Preparing for the Move
1. Talk to your children about your move as soon as it becomes a possibility.
Once you’ve decided to move, the first thing you should do is have an open discussion with your children. If you wait until it is time to pack, they may feel like they’ve had a bombshell dropped on them. If you give them a chance to voice their feelings and work through them, you’ll deal with a little less chaos when it is time to move. Consider the best way to tell your children, taking into account how each child best receives information. Be open, honest, and available to answer their questions.
2. Find ways to involve your children in your new neighborhood.

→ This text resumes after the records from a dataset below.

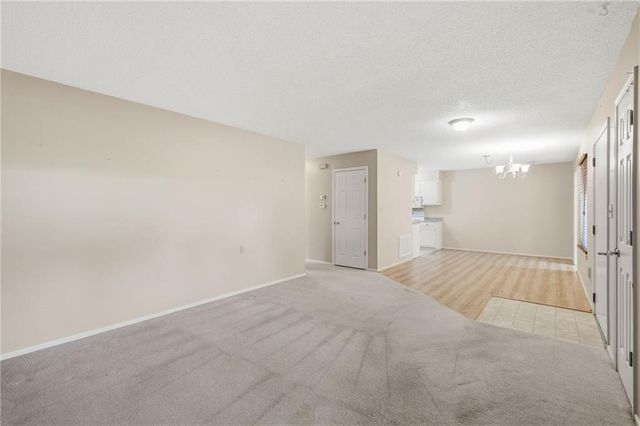 1314 W Jenkins Boulevard, Raymore, MO 64083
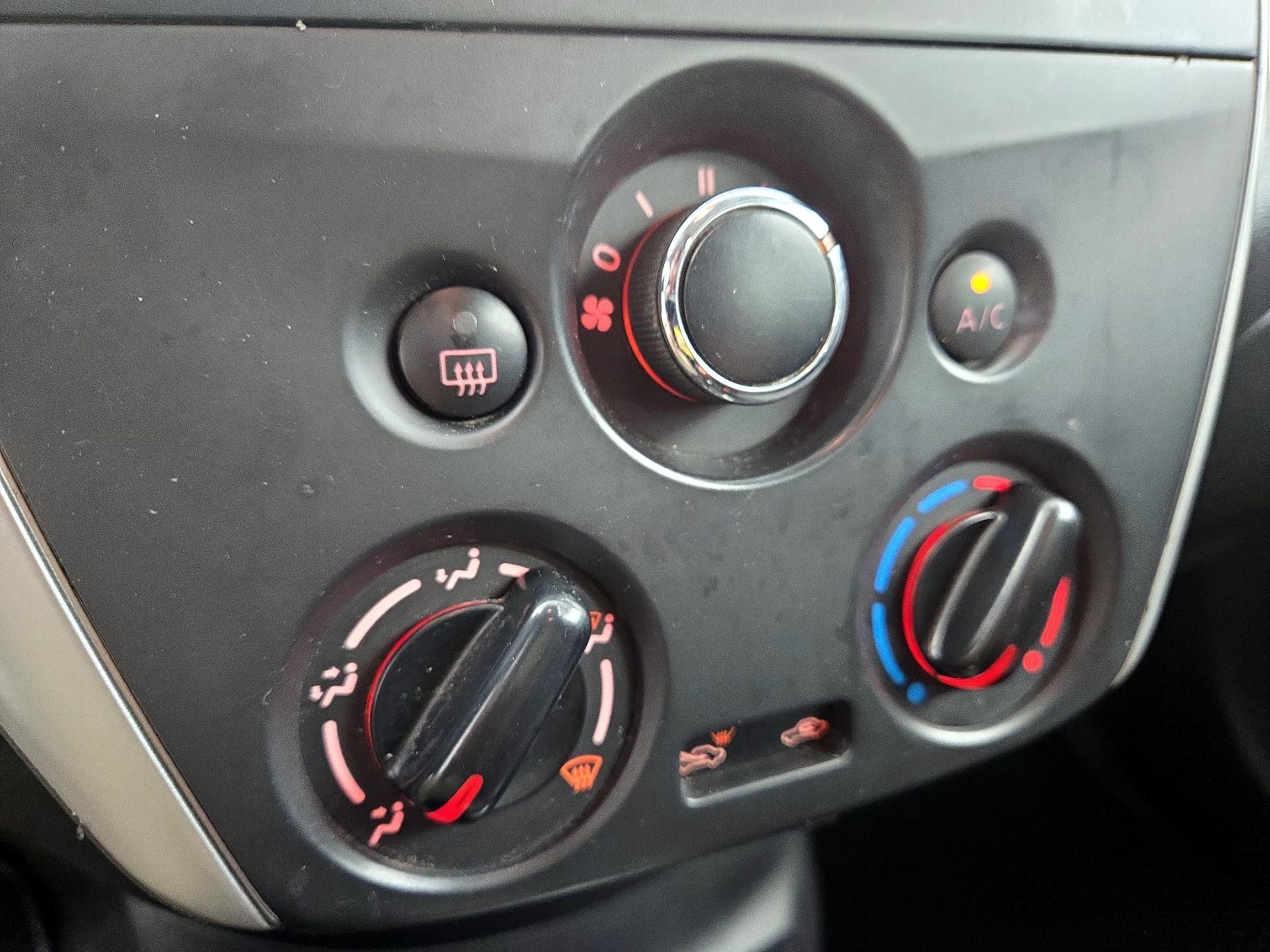 Thumbnail: 2015 Nissan Versa - 15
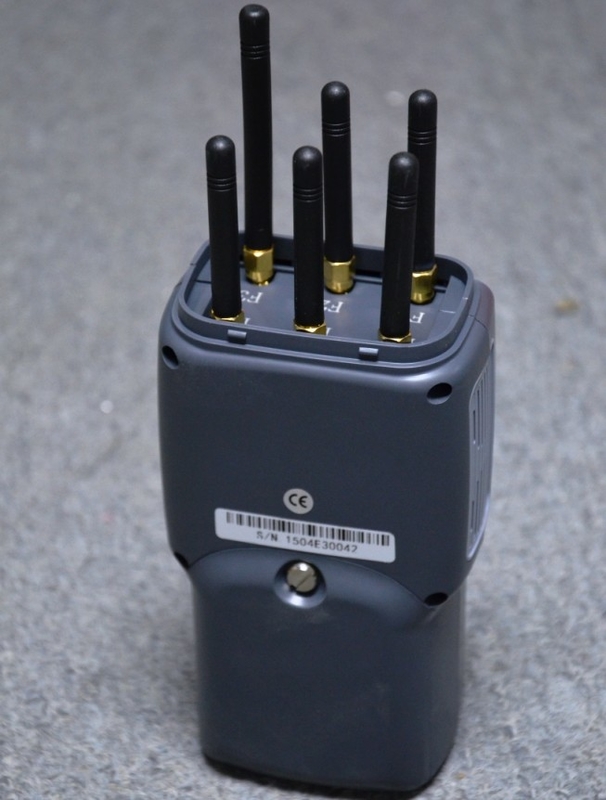 Block cell phone signal in car | 6 phones jumping on the notch trend - Video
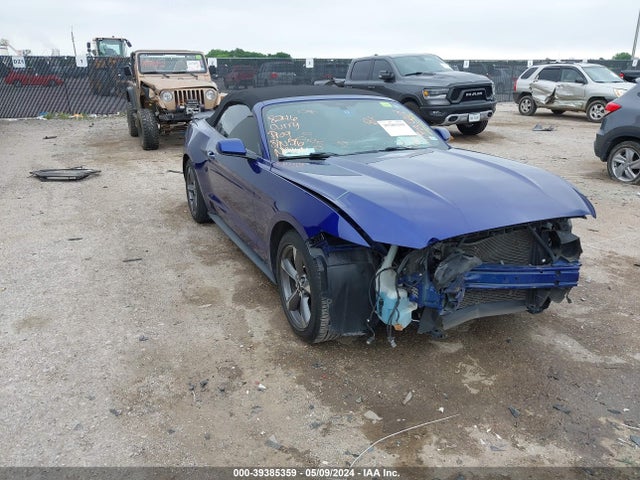 2016 1FATP8EM5G5220496 main image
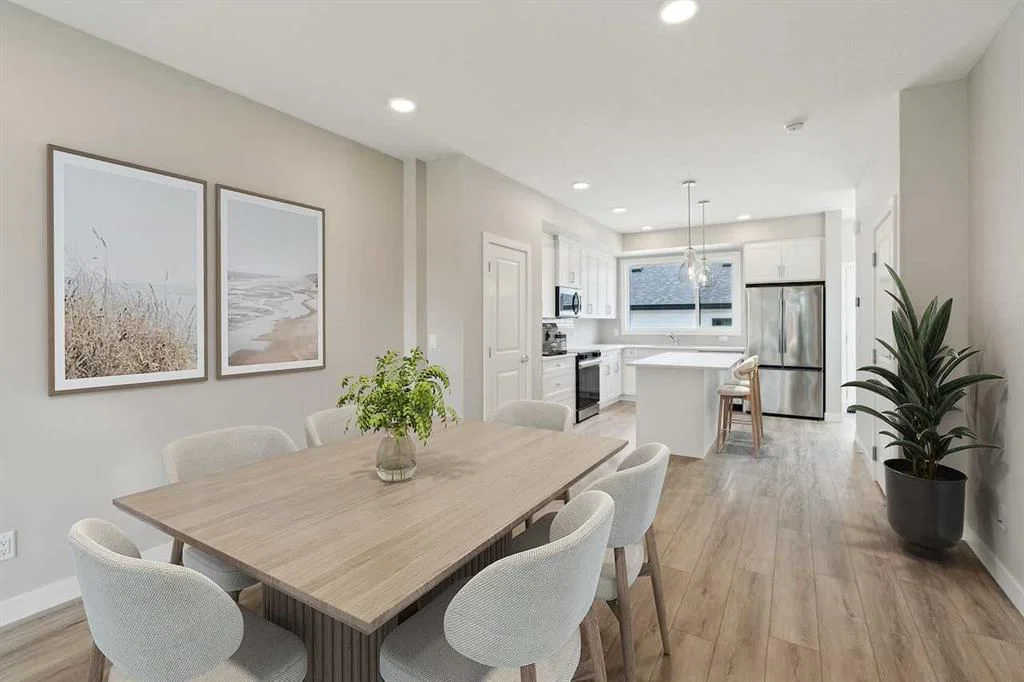 35 Lewisburg Manor NE, Calgary — photo 4 of 6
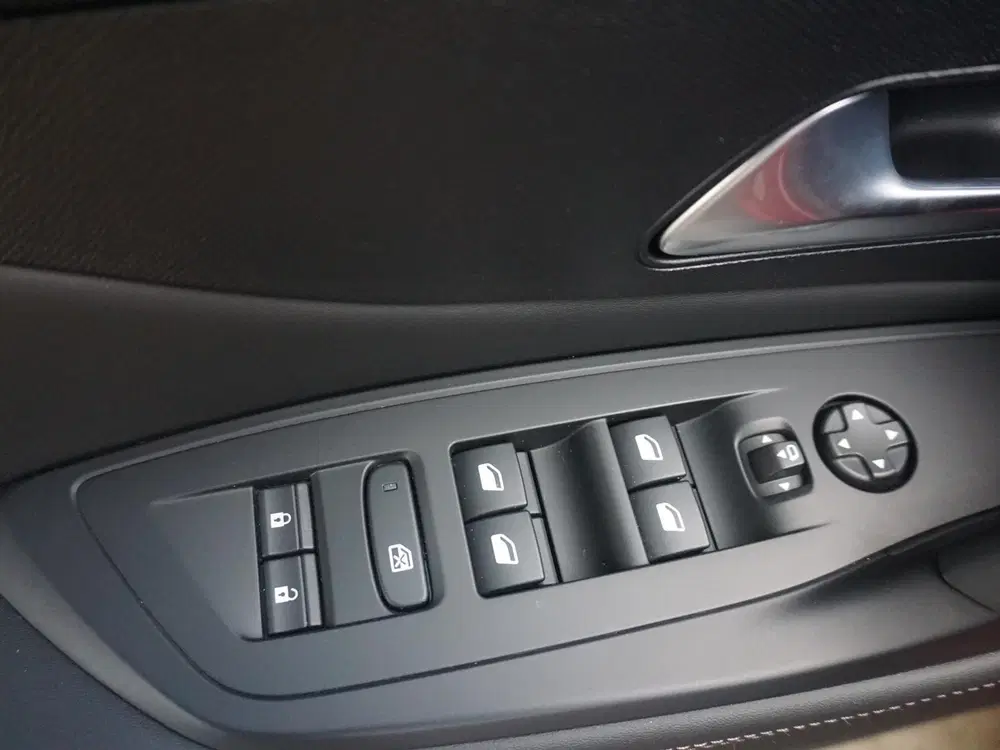Peugeot 308 1.6 HYbrid 180 Allure Pack Business uit 2022, foto 15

Instead of leaving the kids at home while you are closing on a property or even just touring potential homes, bring them along. Find activities in the area that your children will enjoy, whether it be a park nearby or local libraries, pools, or playgrounds. Helping them feel familiar with their new home will take a weight off of their shoulders and reduce the fear of being the ‘new kid’ when they move. Once you are moved in, consider hosting a game night or play date for your neighbors with children so that your kids have an opportunity to make friends quickly.
3. Reach out and get local recommendations ahead of time.
This will help both you and your children have a little more peace of mind when it comes to making a big move. Before the move, find local parent groups (sites like Facebook are full of these) and seek out recommendations for daycares and schools that meet the criteria you are looking for. The first thing most people do when trying something new out is to check for reviews, and these groups will allow you to do just that. Create a short list of places you think will fit your lifestyle, and then conduct as much research as you need to make a decision when you arrive in your new home. This will reduce the time your children will spend in limbo when you move.
10 Tips to Smoothly Move with Kids
1. Make a positive goodbye to the old home and/or community
- A few weeks before you move, host get togethers for close friends and family to say good-bye.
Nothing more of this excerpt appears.